Ashleigh Banfield Steps Out on a Limb

You know, I never gave much thought to MSNBC’s Ashleigh Banfield as a serious journalist. She always struck me as more of a pretty face the network trotted out to grab people’s attention while they channel-surf. But something really remarkable has happened that’s changed my thinking on that subject a bit.

On April 24, Kansas State University-Manhattan hosted Banfield as a speaker as part of their Landon Lecture series. Now, I managed my college’s lecture series for a period while a student, so I know that most of these speeches are anything but newsworthy. Banfield, however, used the platform to give a lecture that is provocative, thought-provoking, and challenging — a lecture in which she makes an insightful distinction between “coverage”, in which pictures and words are just pushed at viewers without context, and “journalism”, in which context is the whole point. Her argument is that U.S. coverage of the Iraq war was much closer to the former than the latter.

She used that platform to say some things that are amazing to hear from a mainstream American television journalist.

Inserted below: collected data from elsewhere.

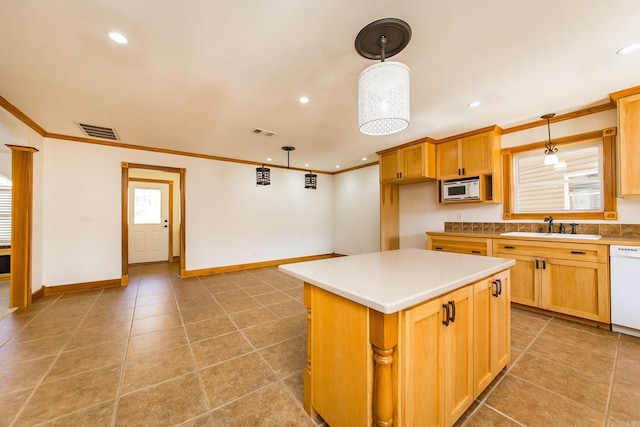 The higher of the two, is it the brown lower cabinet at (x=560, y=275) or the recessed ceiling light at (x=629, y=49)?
the recessed ceiling light at (x=629, y=49)

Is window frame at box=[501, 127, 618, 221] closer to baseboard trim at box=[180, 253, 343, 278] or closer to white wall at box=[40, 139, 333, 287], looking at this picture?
white wall at box=[40, 139, 333, 287]

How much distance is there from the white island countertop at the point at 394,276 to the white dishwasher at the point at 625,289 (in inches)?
65.6

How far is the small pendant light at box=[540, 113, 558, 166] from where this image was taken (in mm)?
3051

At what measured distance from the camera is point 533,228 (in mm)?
3373

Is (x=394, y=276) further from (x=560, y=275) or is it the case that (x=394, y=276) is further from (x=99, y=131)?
(x=99, y=131)

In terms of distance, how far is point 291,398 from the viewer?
164 centimetres

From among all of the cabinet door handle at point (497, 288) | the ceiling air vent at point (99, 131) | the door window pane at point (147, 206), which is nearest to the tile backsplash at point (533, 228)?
the cabinet door handle at point (497, 288)

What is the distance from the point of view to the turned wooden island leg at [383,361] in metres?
1.03

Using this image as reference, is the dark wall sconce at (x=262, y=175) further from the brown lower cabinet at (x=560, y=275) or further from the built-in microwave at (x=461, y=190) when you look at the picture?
the brown lower cabinet at (x=560, y=275)

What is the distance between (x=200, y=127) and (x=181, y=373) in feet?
9.87

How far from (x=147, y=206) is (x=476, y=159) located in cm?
754

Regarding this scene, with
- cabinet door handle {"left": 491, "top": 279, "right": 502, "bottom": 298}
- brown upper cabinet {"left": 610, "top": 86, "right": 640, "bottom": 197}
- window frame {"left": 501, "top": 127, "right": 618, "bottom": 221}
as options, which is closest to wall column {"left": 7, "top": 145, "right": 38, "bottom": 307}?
cabinet door handle {"left": 491, "top": 279, "right": 502, "bottom": 298}

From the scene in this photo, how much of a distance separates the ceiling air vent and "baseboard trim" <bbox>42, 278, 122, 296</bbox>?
2377mm

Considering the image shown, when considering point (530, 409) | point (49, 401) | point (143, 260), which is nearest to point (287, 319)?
point (49, 401) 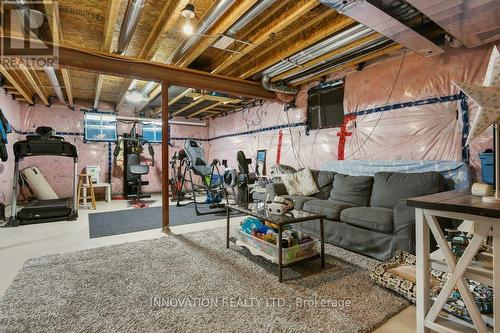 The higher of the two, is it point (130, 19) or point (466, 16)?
point (130, 19)

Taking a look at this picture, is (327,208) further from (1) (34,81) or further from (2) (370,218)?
(1) (34,81)

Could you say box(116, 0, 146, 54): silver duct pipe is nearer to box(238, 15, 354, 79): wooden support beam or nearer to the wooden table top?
box(238, 15, 354, 79): wooden support beam

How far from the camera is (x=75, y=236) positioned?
11.4ft

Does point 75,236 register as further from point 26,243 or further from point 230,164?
point 230,164

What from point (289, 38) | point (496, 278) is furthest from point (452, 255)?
point (289, 38)

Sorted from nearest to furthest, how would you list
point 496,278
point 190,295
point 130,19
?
point 496,278, point 190,295, point 130,19

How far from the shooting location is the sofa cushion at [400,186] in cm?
280

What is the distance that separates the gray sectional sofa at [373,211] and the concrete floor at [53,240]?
840 millimetres

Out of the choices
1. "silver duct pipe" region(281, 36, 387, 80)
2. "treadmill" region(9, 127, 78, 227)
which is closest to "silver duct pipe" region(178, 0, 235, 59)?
"silver duct pipe" region(281, 36, 387, 80)

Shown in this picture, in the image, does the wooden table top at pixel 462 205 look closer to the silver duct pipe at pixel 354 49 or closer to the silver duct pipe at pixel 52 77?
the silver duct pipe at pixel 354 49

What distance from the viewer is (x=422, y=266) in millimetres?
1404

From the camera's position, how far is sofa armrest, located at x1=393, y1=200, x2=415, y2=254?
240cm

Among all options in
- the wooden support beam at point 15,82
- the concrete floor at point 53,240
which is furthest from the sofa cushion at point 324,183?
the wooden support beam at point 15,82

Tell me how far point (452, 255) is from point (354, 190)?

Don’t take my word from it, read or hear her speech for yourself:

For having the guts to tell people to demand better journalism, Banfield has been strongly reprimanded by her bosses at MSNBC. That’s the sorry state of American journalism, folks. Maybe Banfield was prescient when she said in her lecture:

I’m afraid there’s not a really big place in cable for news. Cable is for entertainment, as it’s turning out, but not news.

The only nourishment for a free republic is a free and responsible press. From what Banfield said, we probably shouldn’t be surprised that our republic is starving.